Description
This is intended to be a migration of this issue originally filed on web3. However, I dove all the way in to the W3CWebSocket used by web3 and found that the requests are being sent but the responses were not being received at all from geth, so I don't think it's a web3 issue.
Additionally, I have an odd observation from Geth which might help in debugging.
System information
Geth version: 1.9.18
OS & Version: Windows/Linux/OSX: Windows 10
Steps to reproduce the behaviour
Follow the setup here. Use a WebSocket URL when connecting to geth (in truffle-config) and in migrations/3_increment_counter.js
you can set batchSize
to 100 without an issue. This should produce a blockchain with >100K transactions in just over 1000 blocks, with most blocks containing 100 transactions (sometimes that's split across a couple).
The expected and actual behavior are as listed there. If the responses are not going to be responded to, some error is expected; if no error at least some logging and documentation about how to configure the threshold would be better than status quo silent failure.
Now here's the twist. If I make all three of the following changes (from the code as of the 1.9.18 release tag), I get the expected results. The changes are all Geth console logging and shouldn't affect correctness of operation, but in combination, these three log statements do. The changes are:
- In internal/ethapi/api.go, the getBlockByNumber function, add at the start of the function
log.Info("In api.go GetBlockByNumber", "number", number);
- In core/blockchain.go, the getBlock function, add at the start of the function
log.Info("In getBlock for number", "number", number);
- In core/blockchain.go, the getBlock function, add at the start of the if block for checking the cache
log.Info("Returning from getBlock (cached) for number", "number", number);
The third one gets lots of use because of how the transaction generation and querying process works; if yours isn't doing that you could add a similar log statement (without "cached") just before the return statement.
Comment out any of those three and Geth only returns data for roughly 325 blocks and 0 transactions out of an expected 100K of each.
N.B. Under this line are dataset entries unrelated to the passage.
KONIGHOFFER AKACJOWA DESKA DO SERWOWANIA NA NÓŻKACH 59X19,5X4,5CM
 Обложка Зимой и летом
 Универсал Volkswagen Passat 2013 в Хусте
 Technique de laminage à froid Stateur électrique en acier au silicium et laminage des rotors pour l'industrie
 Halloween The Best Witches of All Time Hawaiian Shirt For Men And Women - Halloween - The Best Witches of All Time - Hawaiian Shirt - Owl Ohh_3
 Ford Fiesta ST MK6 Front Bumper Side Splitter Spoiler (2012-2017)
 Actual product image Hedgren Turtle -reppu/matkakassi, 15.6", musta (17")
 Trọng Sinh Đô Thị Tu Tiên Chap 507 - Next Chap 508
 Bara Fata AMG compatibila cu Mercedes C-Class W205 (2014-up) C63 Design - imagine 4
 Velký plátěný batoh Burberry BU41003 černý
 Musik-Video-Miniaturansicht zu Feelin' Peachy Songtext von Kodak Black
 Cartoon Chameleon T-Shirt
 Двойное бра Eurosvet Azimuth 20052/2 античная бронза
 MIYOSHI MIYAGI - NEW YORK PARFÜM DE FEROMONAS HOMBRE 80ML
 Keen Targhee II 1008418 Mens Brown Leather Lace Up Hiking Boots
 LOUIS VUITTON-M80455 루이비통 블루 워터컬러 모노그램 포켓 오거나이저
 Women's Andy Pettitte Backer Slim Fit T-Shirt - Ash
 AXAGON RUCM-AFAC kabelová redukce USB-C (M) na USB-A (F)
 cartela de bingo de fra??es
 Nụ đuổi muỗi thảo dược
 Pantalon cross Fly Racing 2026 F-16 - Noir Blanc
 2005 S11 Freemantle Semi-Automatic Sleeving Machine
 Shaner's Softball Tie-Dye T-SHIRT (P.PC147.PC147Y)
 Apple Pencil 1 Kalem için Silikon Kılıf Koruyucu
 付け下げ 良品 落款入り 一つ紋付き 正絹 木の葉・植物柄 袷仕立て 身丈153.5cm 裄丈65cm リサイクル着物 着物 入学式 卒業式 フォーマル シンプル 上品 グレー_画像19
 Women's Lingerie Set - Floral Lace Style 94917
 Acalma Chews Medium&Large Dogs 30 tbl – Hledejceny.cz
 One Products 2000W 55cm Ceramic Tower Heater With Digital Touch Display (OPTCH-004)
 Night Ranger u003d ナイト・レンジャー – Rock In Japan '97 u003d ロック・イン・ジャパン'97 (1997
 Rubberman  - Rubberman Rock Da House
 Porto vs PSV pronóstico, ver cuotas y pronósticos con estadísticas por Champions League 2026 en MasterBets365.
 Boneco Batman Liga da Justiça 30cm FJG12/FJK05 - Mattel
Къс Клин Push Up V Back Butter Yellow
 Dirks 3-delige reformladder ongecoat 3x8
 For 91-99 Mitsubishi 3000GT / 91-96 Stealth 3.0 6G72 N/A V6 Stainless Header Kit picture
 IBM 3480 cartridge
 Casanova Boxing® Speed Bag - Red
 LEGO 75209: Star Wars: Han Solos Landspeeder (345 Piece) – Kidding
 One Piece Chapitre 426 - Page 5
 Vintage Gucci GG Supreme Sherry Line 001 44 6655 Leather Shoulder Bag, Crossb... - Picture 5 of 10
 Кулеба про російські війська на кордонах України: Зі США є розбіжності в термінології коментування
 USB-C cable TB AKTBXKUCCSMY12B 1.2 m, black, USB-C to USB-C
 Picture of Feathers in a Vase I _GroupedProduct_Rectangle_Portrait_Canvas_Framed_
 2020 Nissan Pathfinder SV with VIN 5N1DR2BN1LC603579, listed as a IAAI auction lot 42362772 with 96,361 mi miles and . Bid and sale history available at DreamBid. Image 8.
Include all three, and you get the expected 100K block and 100K transactions returned.
I suspect that there may be some buffer or limit that is being overwhelmed, causing some glitch that leads Geth to stop sending responses to queries for at least a little while, and that these log statements slow down processing just enough that the issue threshold is never exceeded. However, I'm not yet quite sure where that threshold is set.